Start of EXTRACTED MATERIAL
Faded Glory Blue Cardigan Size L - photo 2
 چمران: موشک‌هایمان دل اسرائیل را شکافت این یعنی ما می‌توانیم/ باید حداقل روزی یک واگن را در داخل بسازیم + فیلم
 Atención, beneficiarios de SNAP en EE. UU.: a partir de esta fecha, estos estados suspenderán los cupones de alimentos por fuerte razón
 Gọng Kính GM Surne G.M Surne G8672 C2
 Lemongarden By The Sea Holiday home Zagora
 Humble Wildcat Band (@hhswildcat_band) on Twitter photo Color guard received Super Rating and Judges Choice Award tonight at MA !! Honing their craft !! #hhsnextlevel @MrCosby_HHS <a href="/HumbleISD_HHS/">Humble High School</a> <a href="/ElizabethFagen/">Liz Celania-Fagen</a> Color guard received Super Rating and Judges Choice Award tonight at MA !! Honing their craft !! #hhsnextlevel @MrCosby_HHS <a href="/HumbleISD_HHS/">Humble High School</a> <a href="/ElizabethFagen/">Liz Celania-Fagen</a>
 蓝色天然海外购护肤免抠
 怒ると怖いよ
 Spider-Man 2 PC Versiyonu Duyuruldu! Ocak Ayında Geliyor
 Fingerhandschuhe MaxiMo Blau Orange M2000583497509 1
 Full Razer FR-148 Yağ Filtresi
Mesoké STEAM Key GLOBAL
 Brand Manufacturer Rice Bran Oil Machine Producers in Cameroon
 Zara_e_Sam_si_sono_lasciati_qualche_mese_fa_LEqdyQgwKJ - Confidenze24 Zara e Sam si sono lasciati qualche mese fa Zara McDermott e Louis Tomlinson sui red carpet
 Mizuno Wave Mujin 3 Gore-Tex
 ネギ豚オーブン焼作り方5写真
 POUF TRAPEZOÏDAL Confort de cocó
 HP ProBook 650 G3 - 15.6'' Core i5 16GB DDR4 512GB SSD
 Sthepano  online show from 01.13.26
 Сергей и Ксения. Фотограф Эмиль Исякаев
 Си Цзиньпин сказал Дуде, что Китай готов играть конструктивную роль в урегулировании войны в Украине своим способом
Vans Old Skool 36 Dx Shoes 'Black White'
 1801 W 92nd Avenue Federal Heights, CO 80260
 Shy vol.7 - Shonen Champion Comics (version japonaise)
End of EXTRACTED MATERIAL
> [WHAT TO DO]: Provide solely the number of lines in the listing that contain "photo".

> [SOLVED PROBLEM]: 2